The StaViCTA project focused on the analysis of stance in English written online social media, such as blog or Twitter posts. Taking stance is the expression of attitudes, judgments, doubts, trust, or certainty about a specific topic, and its analysis is crucial for application fields like crisis management, financial analytics, or business intelligence. Our research interests were to identify the language resources for such expressions in the context of social media and how they act together over time. In addition, we wanted to research the technologies that are needed to achieve these goals. Consequently, the members of StaViCTA came from different subjects—linguistics, computational linguistics, and information visualization—in order to exploit synergies and to enable human beings to make sense of large dynamic text data and allow for exploration, control and final evaluation of the analysis processes and results.

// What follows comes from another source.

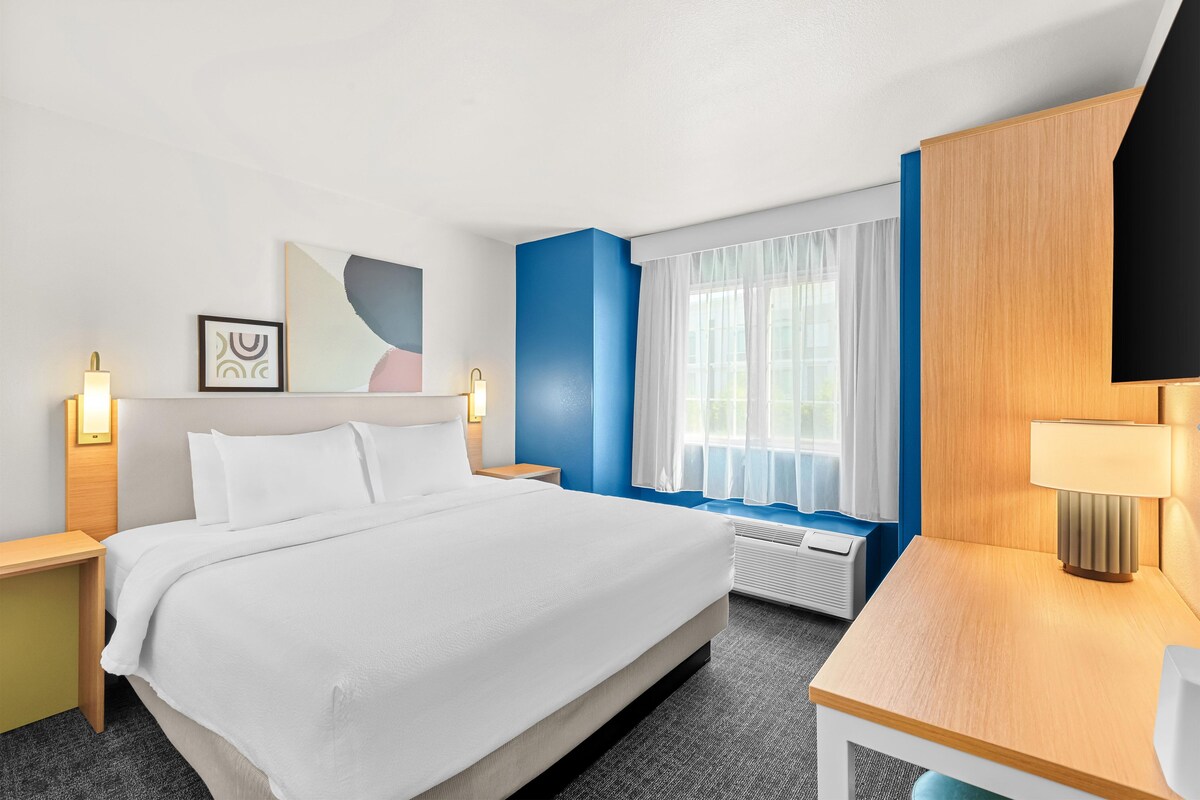 A hotel room with a large bed, bedside tables, a desk, a window with curtains, and wall art.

To increase the chances of finding enough stance expressions in social media, we concentrated on political blogs, for example on the Brexit. The ten stance categories chosen are AGREEMENT/DISAGREEMENT, CERTAINTY, CONTRARIETY, HYPOTHETICALITY, NECESSITY, PREDICTION, TACT/RUDENESS, SOURCE OF KNOWLEDGE, UNCERTAINTY, and VOLITION. From this, we compiled a gold standard stance corpus on which we then carried out further analyses, for instance, which of these stance categories co-occur together and which not. This corpus has been made available publicly. We then attested that our notional approach was successful in identifying stance-taking in discourse.

On the computational side, we developed so-called machine learning classifiers that are specialized on political texts and able to identify the above-mentioned categories in social media texts. We applied a machine learning technique called active learning for the automatic selection of useful training samples and for subsequent interactive querying of a person to manually provide the right classification. Here, we showed the usefulness of a number of methods, which optimize for resource-efficiency when collecting training data, implemented them, and made them freely available via SND.

Interactive visualization helps to bring all these concepts together and provides the users with a tool to effectively access the textual online data, to apply and interpret the classifiers and their results, but also to make the process of building the training data for the classifiers more efficient and analyzable. Thus, we developed a number of novel, web-based visualization approaches for investigating lexical features for stance phenomena in social media and for supporting text data annotation and classifier training by using active learning stance classification. Finally, we implemented visualization tools for specific application areas, such as digital humanities, that built on our project results.